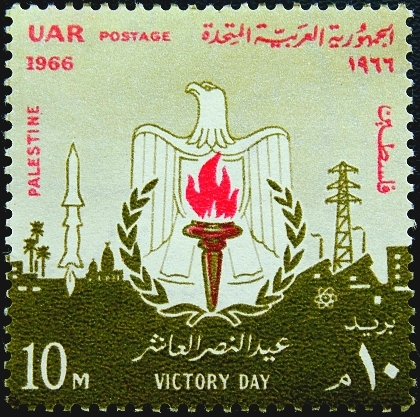 Египет 1966 год . День Победы .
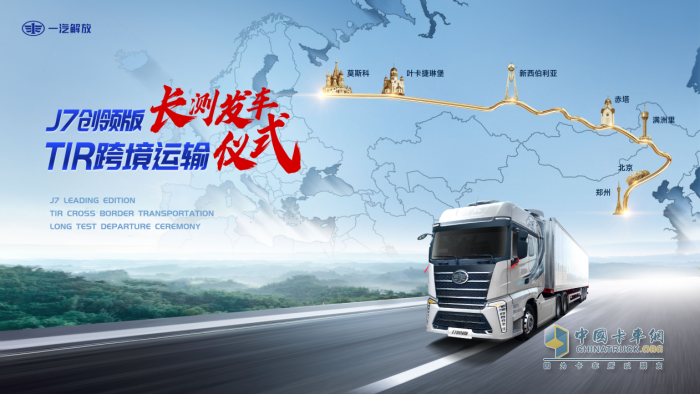解放J7創(chuàng)領(lǐng)版跨境長測之旅，帶您駛向TIR“藍(lán)海”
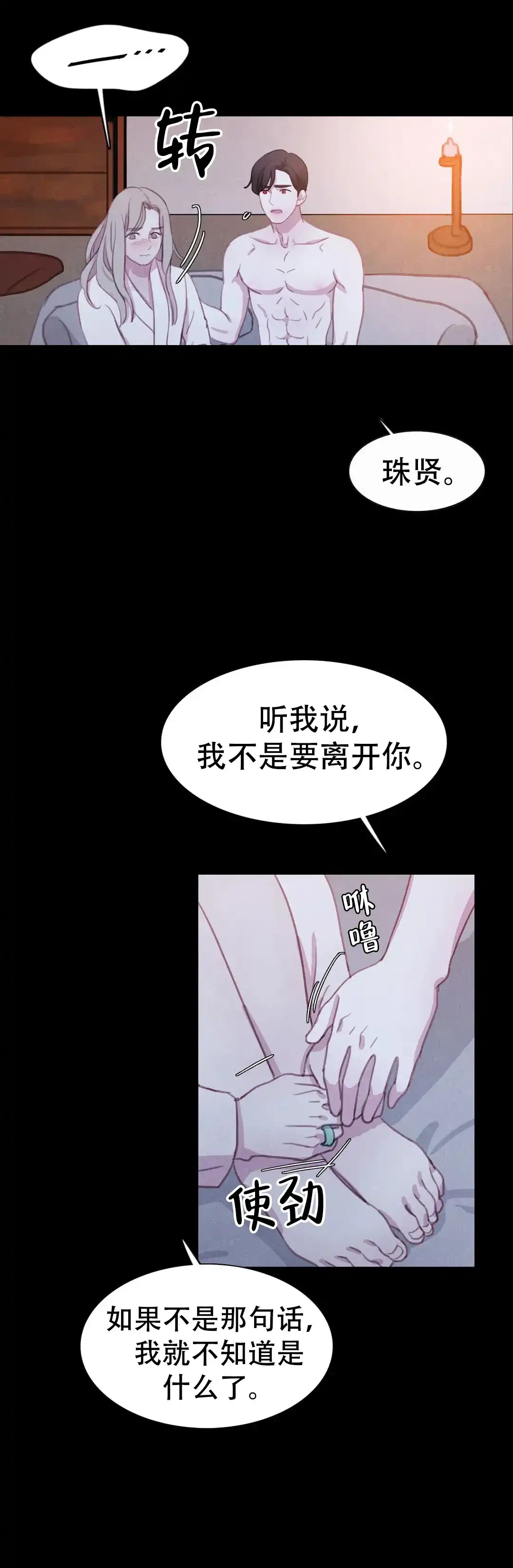 与吸血鬼共餐 第86话 第8页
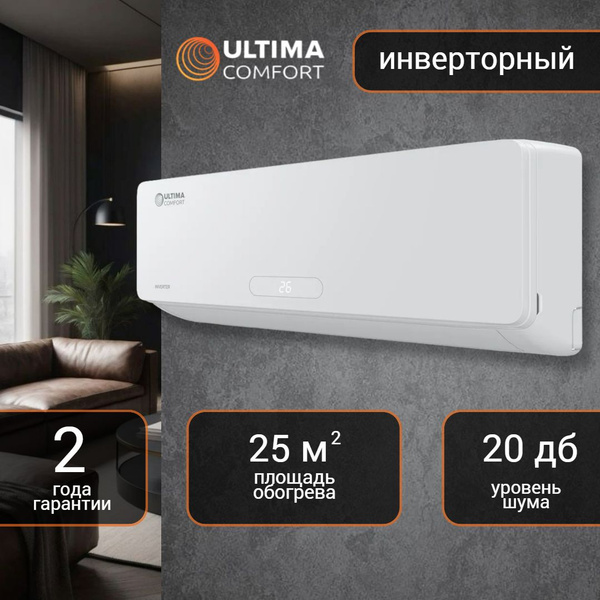 Комплект Настенная сплит-система инверторная Ultima Comfort EXPLORER ...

■ PROBLEM REQUIREMENTS ■
From the line containing "与吸血鬼共餐 第86话 第8页" through the final line of the listing, copy every line exactly and nothing else. Skip the pictures.

■ WORKED SOLUTION ■
 与吸血鬼共餐 第86话 第8页
 Комплект Настенная сплит-система инверторная Ultima Comfort EXPLORER ...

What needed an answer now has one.